Tuesday, May 12, 2009

Their Horsely Nature

Some very good friends of the farm started in with our boys and the horses this last Saturday, teaching them how to walk the horses, how to establish a rapport, how to avoid indulging their childish, "horsely," nature (my word), how to lunge etc, and I was pleasantly surprised at how disciplined Lockton and Samuel were in applying these new equine truths, yesterday when we did our first horse-homework together. Lockton worked on making Winston back up when he got too near a fence or too near the roadside grass, which seemed like a pretty advanced piece of stable-boy art--making a big Thoroughbred go into reverse on command.


It's against my nature, for some reason, to spend an hour in the afternoon pretending I'm a country gentleman, with the time to train horses, and be trained by them. (Getting my saddle muscles back, at 49, seems a little daunting.) Perhaps it's just because I'm always so worried about sales around here that I don't think I have time to ride, but really, this is, after all, a professional obligation. Don't guests expect farmers to know how to ride a horse? Right? ("Yeah, that's it.")


The truth is I'm troubled by the world, by a kind of truth-avoidance I see nearly every day among friends, customers, pastors, politicians, reporters. I watch lives, and nations, and churches going off track in ways that seem subtle at first, but then predictably tragic. It comes with age and the study of history--a kind of weariness at the same mistakes being made over and over and over again. With a horse--when you see it doing something stubborn and "horsely"--you punish it by stopping, backing up, and insisting the thing be done right.

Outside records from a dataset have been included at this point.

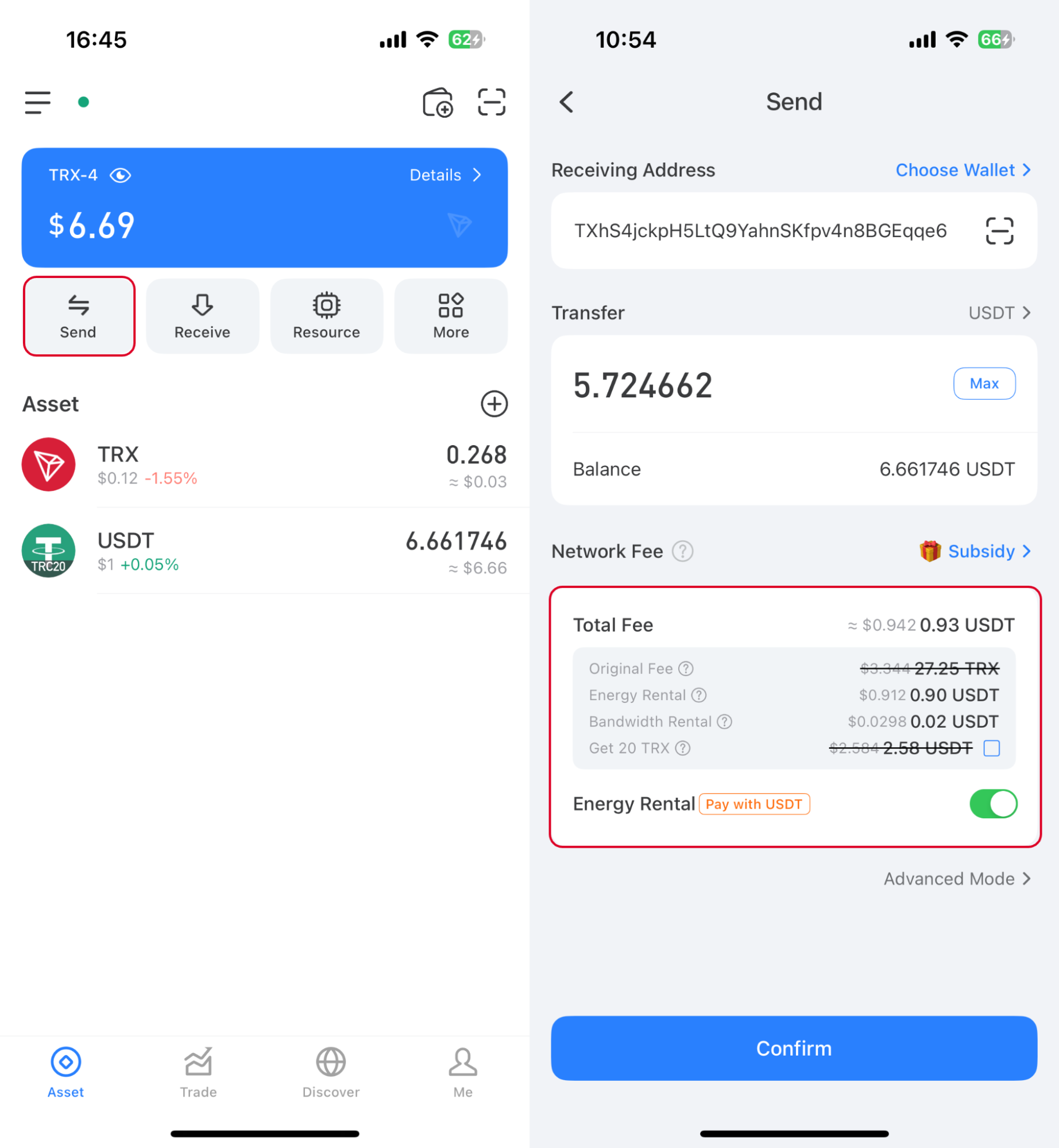 TokenPocket Wallet automatically utilizes USDT for simple transactions. Source: TokenPocket Wallet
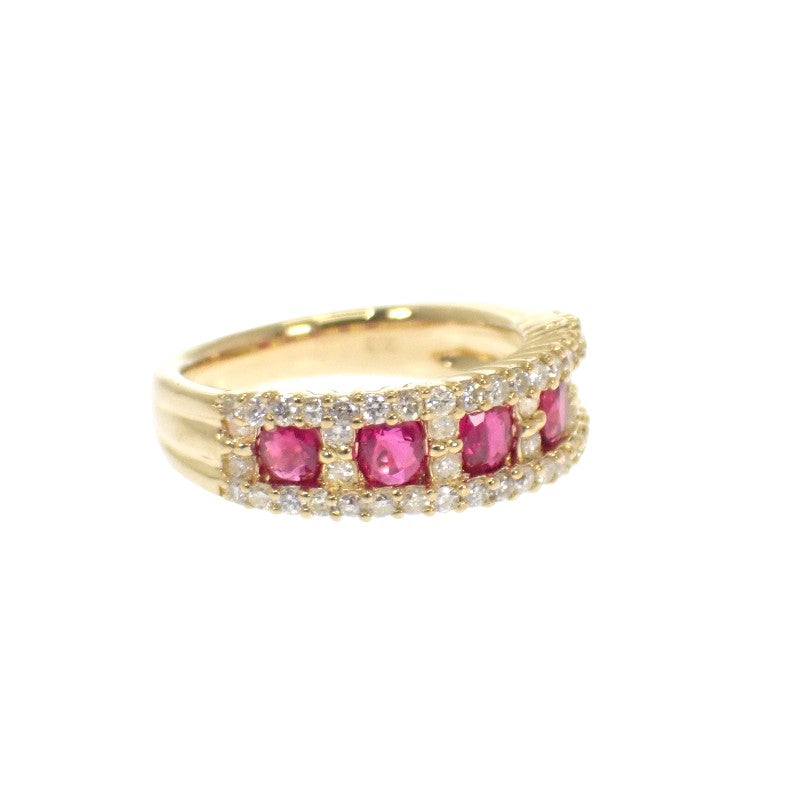 Designer Jewelry Ring Size 11 K18 Yellow Gold Ruby Diamond Ladies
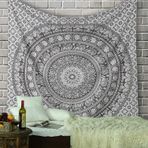 Hint Duvar Halısı Mandala Duvar Halısı, Dekoratif Plaj Havlusu Hippi Duvar Halısı Fil Kilimi — 213 x 137 cm — Gri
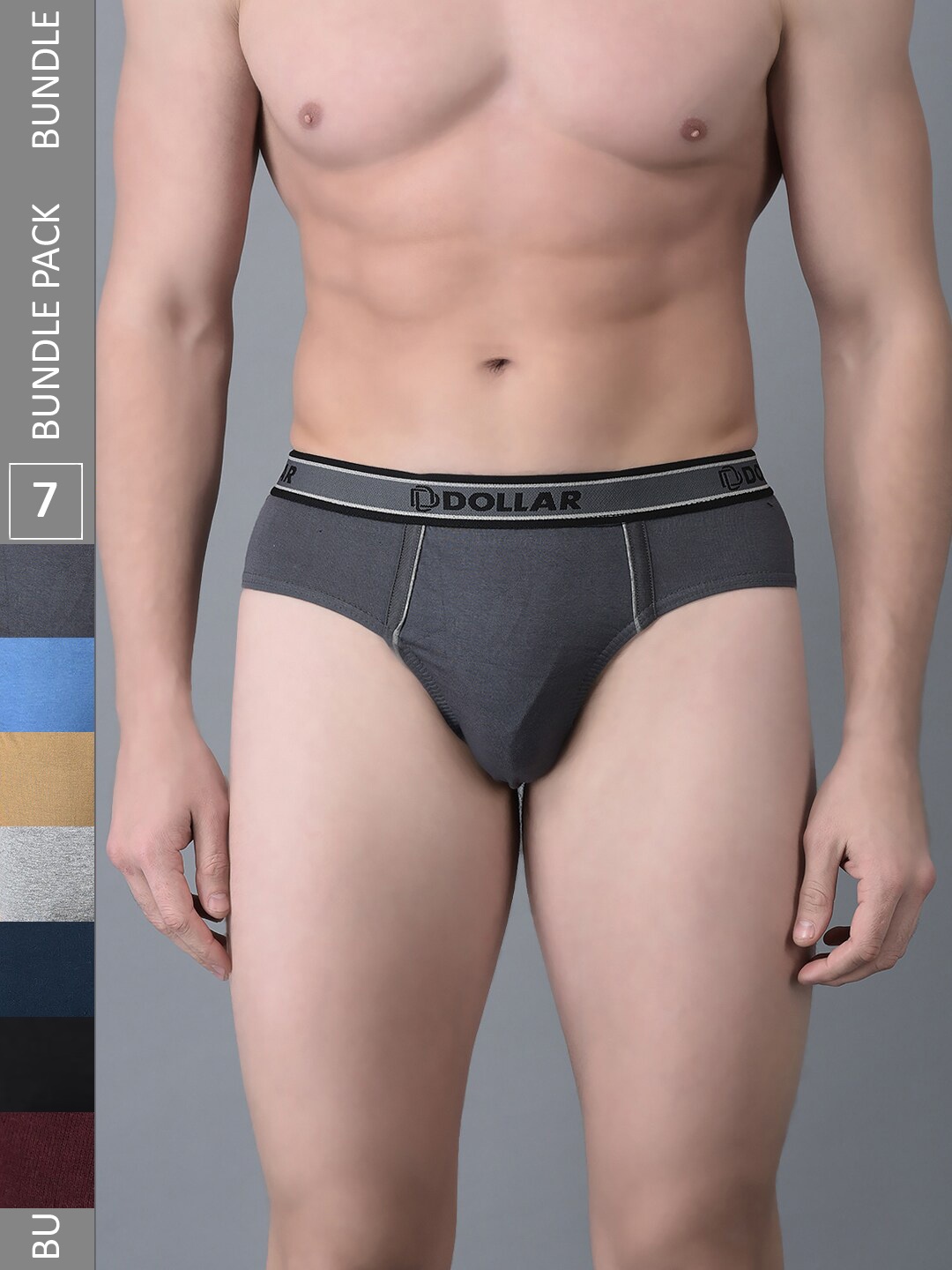 

Dollar Bigboss Men Pack of 7 Anti-Microbial Super Combed Cotton Brief MBBR-04-MDSTE-PO7, Assorted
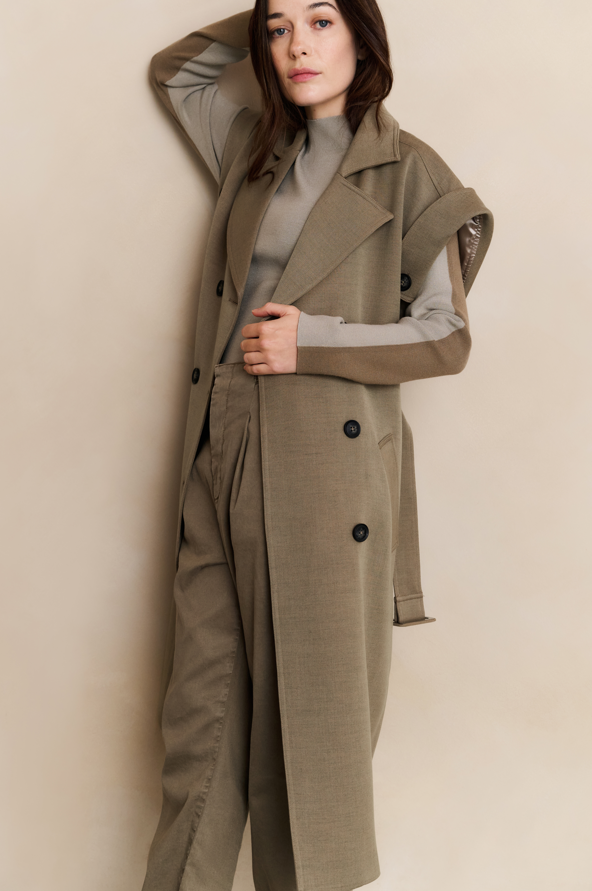 YAYA High Neckline Duo Color Sweater Brownish Grey Dessin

With people, you can't even cough disapproval, or look sidelong, without the self-esteem police writing a ticket. I was having a great time at the Mother's Day event the other night, and then a friend told me he had expressed some of my ideas to a pastor who cautioned him with the same old good-Nazi-Lutheran rationalization for the church remaining silent and never, ever, ever being political. This particular pastoral evasion went like this: "since none of the candidates really represent Christ very well, we shouldn't endorse any of them." That's something like saying, "well, because 1930s American swing dancing was a little risqué, we had no right to go over and liberate Jews from the camps." That's like saying, "because that superior court judge is a bit of a gossip, he doesn't have the right to impose the death penalty on a remorseless killer." Pastors who refuse to make distinctions between the small and the great dangers threatening the flock, shouldn't be shepherding cockroaches into the dustpan, much less the children of God into the promised land.


I said so--very forcefully--and lost my temper in the process.


I am aware, of course, that churches operate under mandate from the federal government, or they lose their tax exempt status, but manufacturing a holy rationale for remaining silent in the face of evil seems particularly craven. I tell people, lately, "if your pastor hasn't given a pro-life, anti-tax, pro 10 commandments sermon in the last month--run, don't walk away. Find a real church."


I mean--really, what will those pastors say on the great and terrible day? "I preached the truth--as long as Caesar let me?"